Entries provided =>

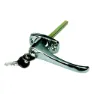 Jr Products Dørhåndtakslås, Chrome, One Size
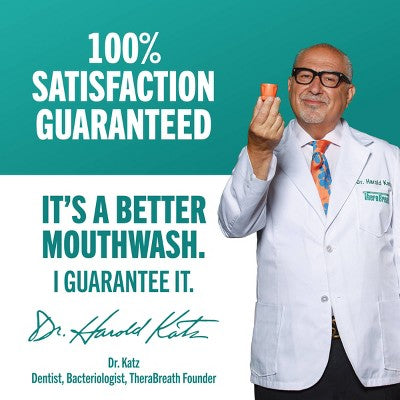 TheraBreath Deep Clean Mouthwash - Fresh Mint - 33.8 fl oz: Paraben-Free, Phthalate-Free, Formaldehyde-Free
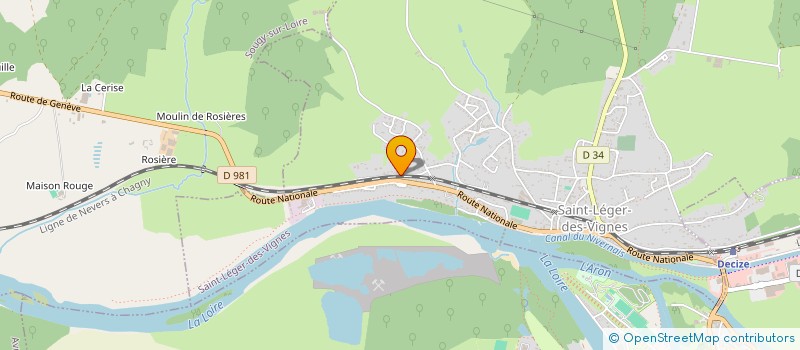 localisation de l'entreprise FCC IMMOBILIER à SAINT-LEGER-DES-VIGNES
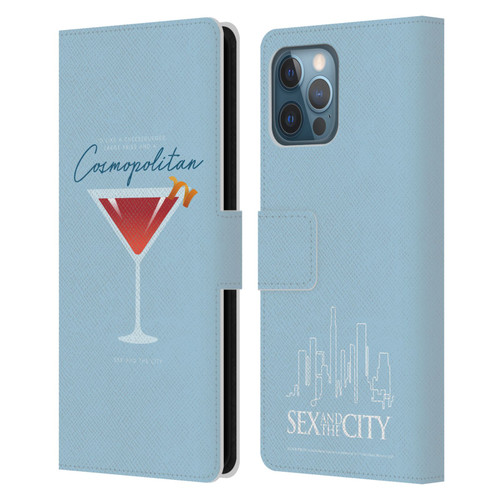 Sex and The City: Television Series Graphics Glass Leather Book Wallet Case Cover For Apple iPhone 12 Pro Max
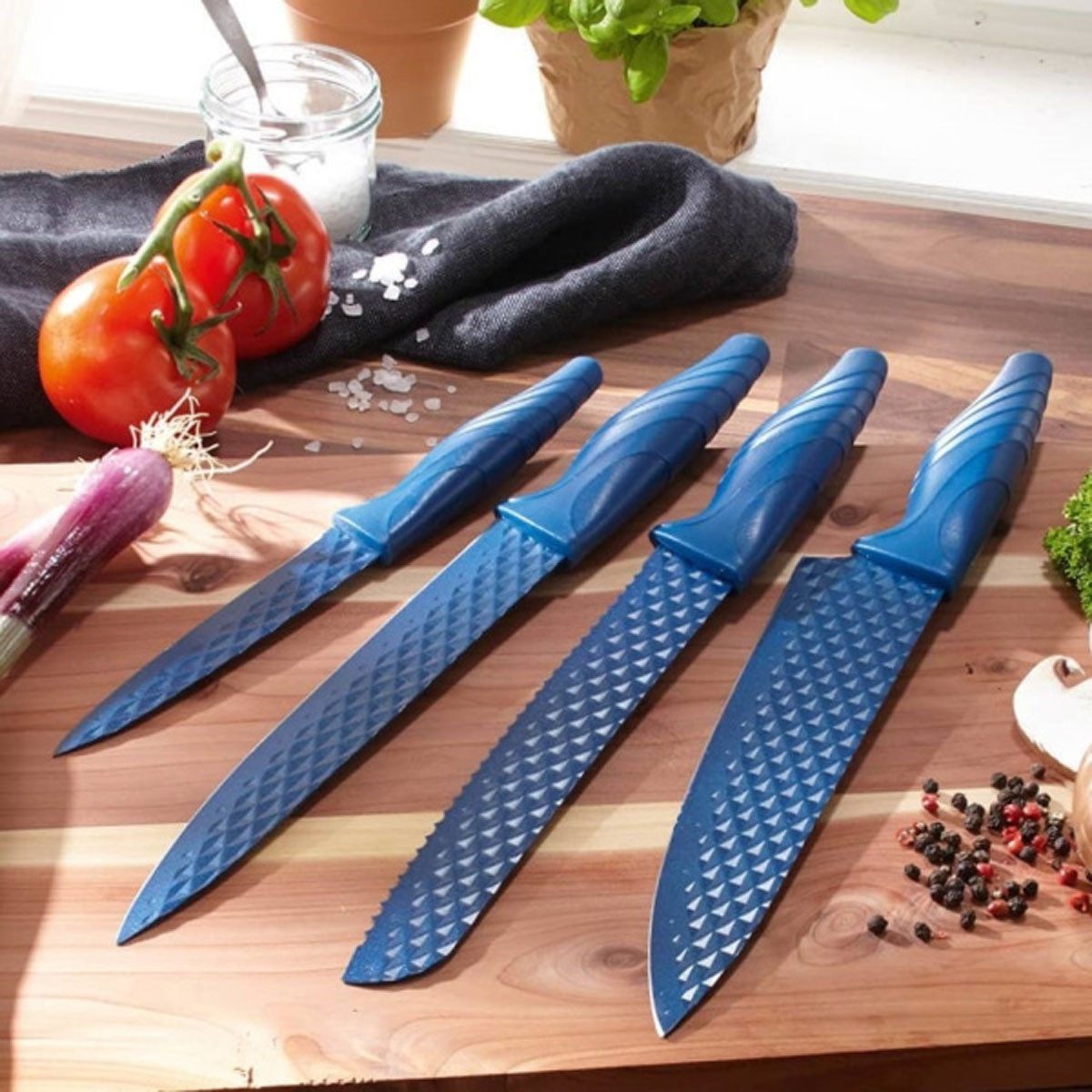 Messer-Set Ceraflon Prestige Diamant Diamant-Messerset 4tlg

Activity => Which lines run from the one that holds "localisation de l'entreprise" to the final line of the records above? Return them exactly, and skip the pictures.

Output for this task =>
 localisation de l'entreprise FCC IMMOBILIER à SAINT-LEGER-DES-VIGNES
 Sex and The City: Television Series Graphics Glass Leather Book Wallet Case Cover For Apple iPhone 12 Pro Max
 Messer-Set Ceraflon Prestige Diamant Diamant-Messerset 4tlg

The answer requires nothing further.